Yowan Mangesh, who was working as a laboratory technician at a hospital in Aden, narrated a similar tale. "We could not sleep for over a week. We had lost all contacts with the outside world and we had very little food," Mangesh said.

A resident of Hooghly in West Bengal, S.K. Kareem Mondol said that through the days all that he heard were sounds of gunshots and shelling. "The last 10 days in Aden was terrible for all of us. I had landed there on February 23 to work in a jewellery company. I was surprised to see that even children in Aden were wielding guns," Mondol said.

He said that even though many Indians have been rescued from Aden, hundreds of nurses from Kerala are still stranded there. "One of my friends, who worked as a nurse there, asked me how I managed to get out of Aden, which is a major flashpoint in the ongoing battle. She is still stranded there," Mondol added. He said that it is very difficult for the nurses to move out because their bosses are withholding the passports.
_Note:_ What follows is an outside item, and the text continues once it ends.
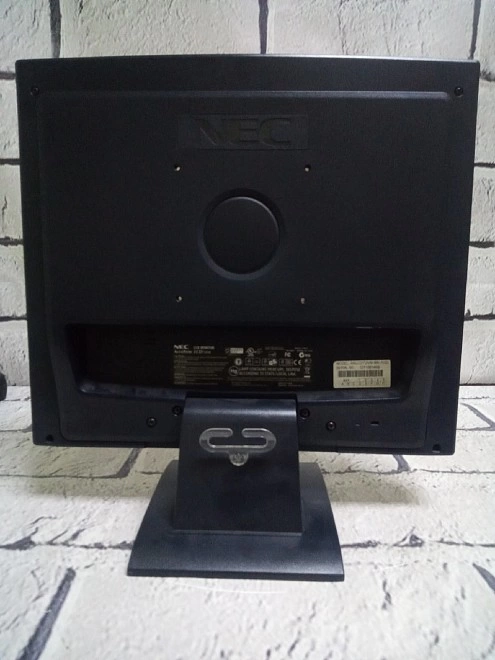 Монитор Nec AccuSync LCD72vm (17дюй) 76гц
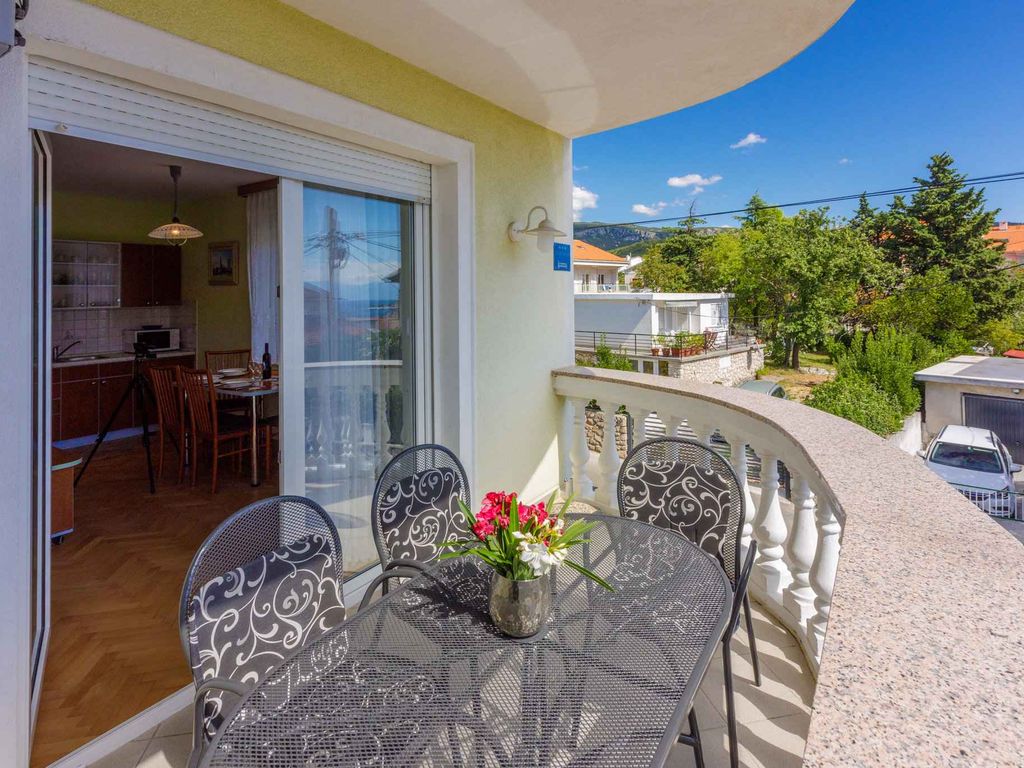 Ferienwohnung mit Balkon und Klimaanlage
Moreover, Akema, a permission needed for exiting Yemen, was not being granted to these nurses. "The Indian government must immediately do something to get these nurses out of that country," he added.

However, Mondol had a few good words for the Yemeni people. "They respect the Indians. They were generous and they had warned us about the deteriorating situation in that country," Mondol said. Besides Mumbai, another group of Indians landed in Kochi from Yemen. The country in Arab peninsula is witnessing a major battle between the Houthi rebels and Saudi Arabia-backed fighters allied with exiled president Abed Rabbo Mansour Hadi.